**Data to examine**
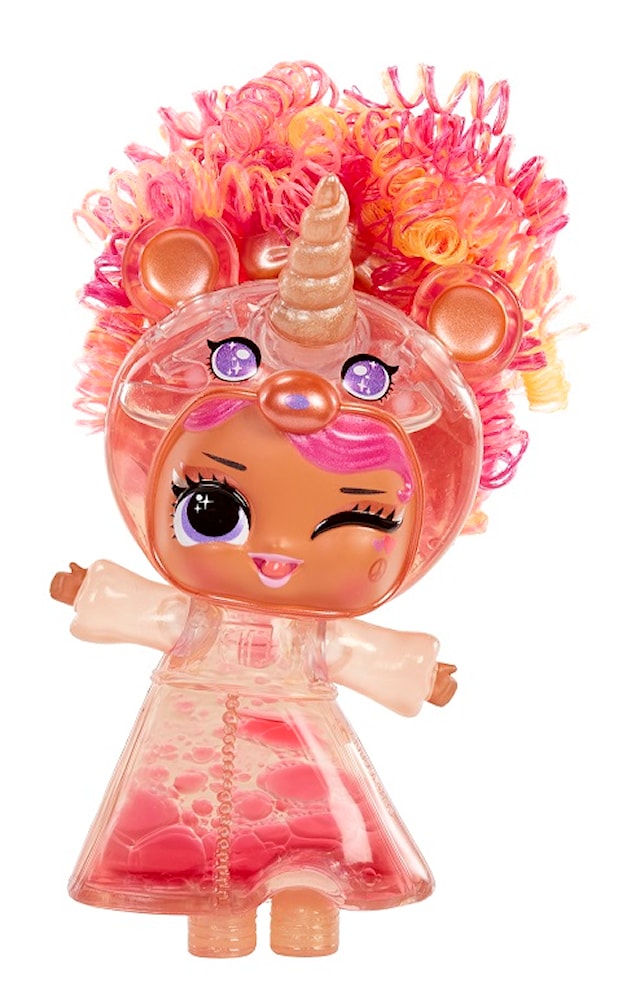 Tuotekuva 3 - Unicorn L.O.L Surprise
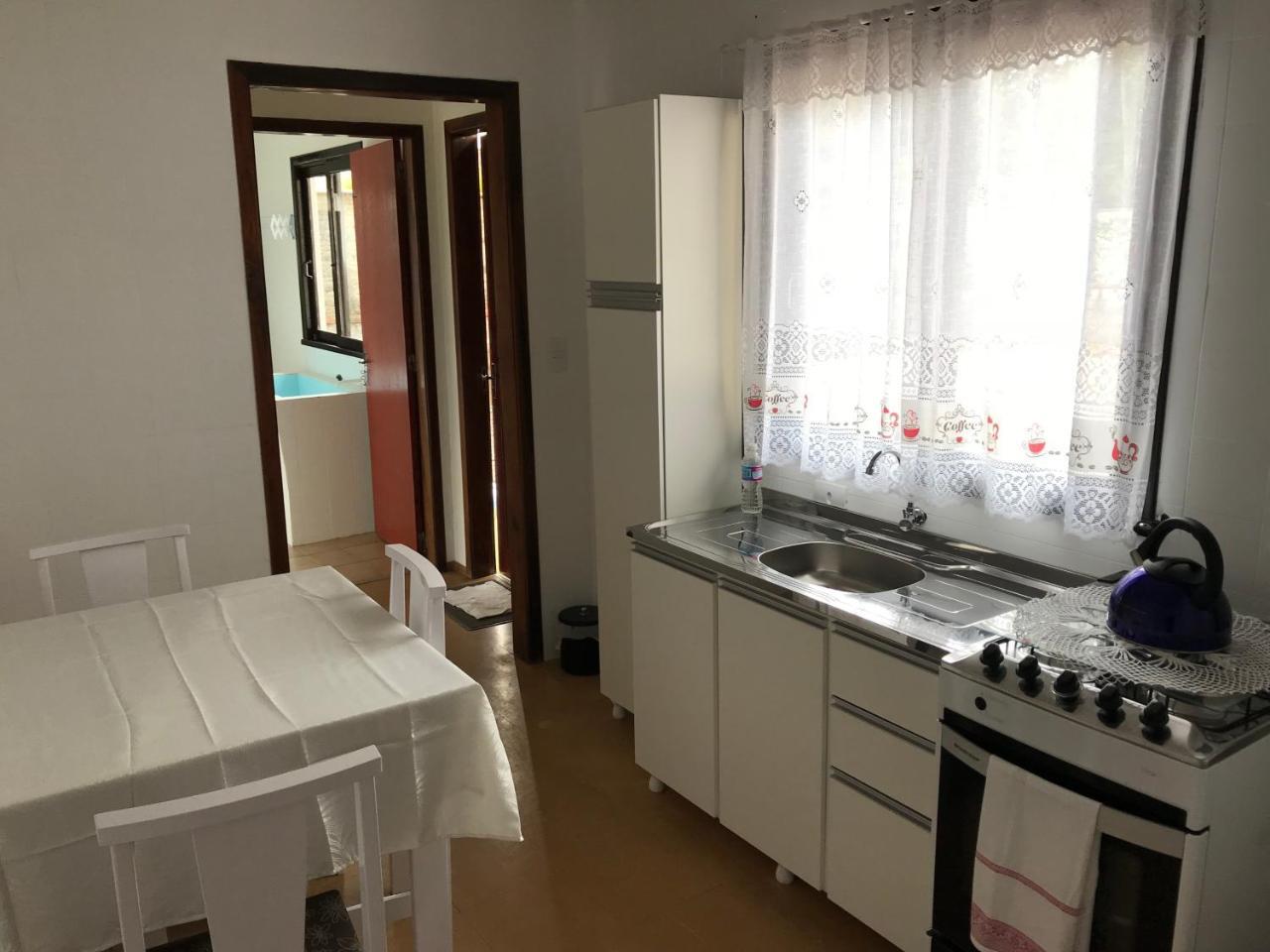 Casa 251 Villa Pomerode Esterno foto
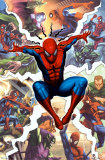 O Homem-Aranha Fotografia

* * *

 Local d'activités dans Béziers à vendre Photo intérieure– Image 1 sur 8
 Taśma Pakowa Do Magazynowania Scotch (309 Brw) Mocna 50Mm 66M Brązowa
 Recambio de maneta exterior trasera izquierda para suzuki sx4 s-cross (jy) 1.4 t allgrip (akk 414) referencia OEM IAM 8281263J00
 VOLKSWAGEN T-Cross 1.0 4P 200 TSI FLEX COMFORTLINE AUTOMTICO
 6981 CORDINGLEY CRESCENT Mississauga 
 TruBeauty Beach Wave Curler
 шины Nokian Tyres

---

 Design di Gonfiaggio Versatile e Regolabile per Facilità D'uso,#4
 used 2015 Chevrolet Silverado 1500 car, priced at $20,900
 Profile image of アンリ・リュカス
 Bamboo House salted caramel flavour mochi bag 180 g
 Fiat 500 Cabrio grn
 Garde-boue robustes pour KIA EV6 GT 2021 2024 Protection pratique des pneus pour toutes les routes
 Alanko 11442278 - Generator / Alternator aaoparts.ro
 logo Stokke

**Requirement**
Above this task is a listing with pictures in it. Retype only the lines from the one containing "Casa 251 Villa Pomerode Esterno foto" through the one containing "O Homem-Aranha Fotografia", both included, and not the pictures.

**Result of the task**
 Casa 251 Villa Pomerode Esterno foto
 O Homem-Aranha Fotografia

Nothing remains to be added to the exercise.